● **PROVIDED DATA**:
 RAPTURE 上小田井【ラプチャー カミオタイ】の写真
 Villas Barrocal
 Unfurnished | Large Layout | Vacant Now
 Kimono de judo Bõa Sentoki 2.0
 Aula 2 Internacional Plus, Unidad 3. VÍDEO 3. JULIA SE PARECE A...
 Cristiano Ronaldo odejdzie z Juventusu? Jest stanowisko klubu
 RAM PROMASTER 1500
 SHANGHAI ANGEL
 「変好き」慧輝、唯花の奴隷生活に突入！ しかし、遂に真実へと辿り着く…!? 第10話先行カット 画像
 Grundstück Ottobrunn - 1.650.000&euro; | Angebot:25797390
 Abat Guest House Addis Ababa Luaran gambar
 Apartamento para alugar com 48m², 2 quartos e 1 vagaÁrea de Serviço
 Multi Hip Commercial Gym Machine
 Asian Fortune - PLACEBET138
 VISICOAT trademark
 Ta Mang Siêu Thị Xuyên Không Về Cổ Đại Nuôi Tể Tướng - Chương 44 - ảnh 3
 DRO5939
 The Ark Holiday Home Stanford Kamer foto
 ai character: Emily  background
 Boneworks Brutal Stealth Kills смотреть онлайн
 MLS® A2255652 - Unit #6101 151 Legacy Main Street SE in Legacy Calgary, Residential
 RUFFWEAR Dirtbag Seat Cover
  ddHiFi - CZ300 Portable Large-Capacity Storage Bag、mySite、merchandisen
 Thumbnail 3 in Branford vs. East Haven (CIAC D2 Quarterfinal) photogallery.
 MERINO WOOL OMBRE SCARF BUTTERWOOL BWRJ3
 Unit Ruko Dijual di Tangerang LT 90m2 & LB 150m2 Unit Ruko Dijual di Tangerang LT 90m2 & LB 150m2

● **EXERCISE OBJECTIVE**:
The word "Unit" is the filter: copy every line of the listing above that contains it.

● **RESPONSE FOR THIS EXERCISE**:
 MLS® A2255652 - Unit #6101 151 Legacy Main Street SE in Legacy Calgary, Residential
 Unit Ruko Dijual di Tangerang LT 90m2 & LB 150m2 Unit Ruko Dijual di Tangerang LT 90m2 & LB 150m2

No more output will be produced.